ESG (environmental, social and governance, a framework used to assess an organisation’s business practices and performance on various sustainability and ethical issues) and Digital Transformation (the process of using digital technologies to change a business’s operations, products and services by integrating digital solutions into all areas of the business, which can lead to cultural and technological changes) are emerging issues across different industries, including the banking field. There has been limited research focusing on exploring the linkages between ESG, Digital Transformation and Customer Behaviour in the banking area, especially within developing countries such as Vietnam. Based on this gap, this study analyses and assesses the role of Digital Transformation and ESG on customer behaviour towards brands in the banking sector in Ho Chi Minh City. The research employed the quantitative research methods with the combination of fundamental analytical methods such as statistics, Cronbach’s alpha reliability, Exploratory Factor Analysis (EFA), measurement models and Partial Least Squares Structural Equation Modelling (PLS-SEM).

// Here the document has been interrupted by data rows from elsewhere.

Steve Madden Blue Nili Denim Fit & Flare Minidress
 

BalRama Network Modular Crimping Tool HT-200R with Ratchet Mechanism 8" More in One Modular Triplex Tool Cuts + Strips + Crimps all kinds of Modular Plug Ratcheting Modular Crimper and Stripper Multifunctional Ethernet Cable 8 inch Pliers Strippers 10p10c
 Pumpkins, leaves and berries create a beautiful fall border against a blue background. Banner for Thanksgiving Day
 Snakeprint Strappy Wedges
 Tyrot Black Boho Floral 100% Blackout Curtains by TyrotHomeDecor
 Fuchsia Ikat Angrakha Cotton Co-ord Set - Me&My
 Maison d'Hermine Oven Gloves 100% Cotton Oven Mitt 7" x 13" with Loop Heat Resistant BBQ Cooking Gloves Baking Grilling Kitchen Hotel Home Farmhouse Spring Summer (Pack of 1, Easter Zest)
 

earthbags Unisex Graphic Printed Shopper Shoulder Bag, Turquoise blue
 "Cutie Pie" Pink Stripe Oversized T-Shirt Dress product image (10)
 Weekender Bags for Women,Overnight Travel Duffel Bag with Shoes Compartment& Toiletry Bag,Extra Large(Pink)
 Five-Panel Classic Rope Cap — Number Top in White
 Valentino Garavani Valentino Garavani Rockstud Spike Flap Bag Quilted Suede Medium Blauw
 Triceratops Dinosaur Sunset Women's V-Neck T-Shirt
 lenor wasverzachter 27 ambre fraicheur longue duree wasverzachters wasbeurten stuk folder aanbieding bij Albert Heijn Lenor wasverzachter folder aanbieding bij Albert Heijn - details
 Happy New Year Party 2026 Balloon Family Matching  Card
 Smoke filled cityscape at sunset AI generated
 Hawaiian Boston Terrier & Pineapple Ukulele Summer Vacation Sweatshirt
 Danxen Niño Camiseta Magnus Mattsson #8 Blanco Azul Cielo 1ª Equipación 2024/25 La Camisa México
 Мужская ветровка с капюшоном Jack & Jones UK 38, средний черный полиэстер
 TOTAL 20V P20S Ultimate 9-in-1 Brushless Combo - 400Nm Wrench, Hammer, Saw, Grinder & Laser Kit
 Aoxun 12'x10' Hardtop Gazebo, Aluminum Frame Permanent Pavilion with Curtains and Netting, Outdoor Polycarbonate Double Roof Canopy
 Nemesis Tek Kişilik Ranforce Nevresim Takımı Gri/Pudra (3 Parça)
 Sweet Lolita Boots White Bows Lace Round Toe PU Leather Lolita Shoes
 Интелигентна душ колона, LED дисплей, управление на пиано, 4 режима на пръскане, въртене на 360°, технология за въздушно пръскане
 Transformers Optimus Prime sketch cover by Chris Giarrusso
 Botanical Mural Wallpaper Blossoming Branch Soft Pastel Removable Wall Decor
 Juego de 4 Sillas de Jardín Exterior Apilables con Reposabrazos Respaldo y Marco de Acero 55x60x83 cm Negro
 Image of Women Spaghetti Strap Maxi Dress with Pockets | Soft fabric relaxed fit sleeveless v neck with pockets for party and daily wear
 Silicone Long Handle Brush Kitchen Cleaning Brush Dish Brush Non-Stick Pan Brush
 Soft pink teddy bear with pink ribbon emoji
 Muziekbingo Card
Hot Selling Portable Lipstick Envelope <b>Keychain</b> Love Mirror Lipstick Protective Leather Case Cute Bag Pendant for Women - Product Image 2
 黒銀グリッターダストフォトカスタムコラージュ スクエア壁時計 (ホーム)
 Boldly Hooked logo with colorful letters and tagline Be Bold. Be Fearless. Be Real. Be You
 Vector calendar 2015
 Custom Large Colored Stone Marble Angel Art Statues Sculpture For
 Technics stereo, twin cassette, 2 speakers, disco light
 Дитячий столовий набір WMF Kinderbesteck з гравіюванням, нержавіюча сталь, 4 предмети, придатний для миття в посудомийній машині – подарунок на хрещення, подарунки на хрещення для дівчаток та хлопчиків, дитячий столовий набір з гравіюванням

The analysis was based on survey data from 550 customers who are the commercial banks’ current customers and live in Ho Chi Minh City, yielding 514 valid responses. Using SPSS and SMART PLS software, the study provided notable results. Specifically: (1) The component factors of ESG, including Environmental Issues (EN), Social Issues (SO), Government Issues (GO) and Digital Transformation (DT), positively influence Customer Behaviour (CB); (2) The component factors of ESG, including Environmental Issues (EN), Social Issues (SO) and Government Issues (GO), play a mediating role in the relationship between Digital Transformation (DT) and Customer Behaviour (CB).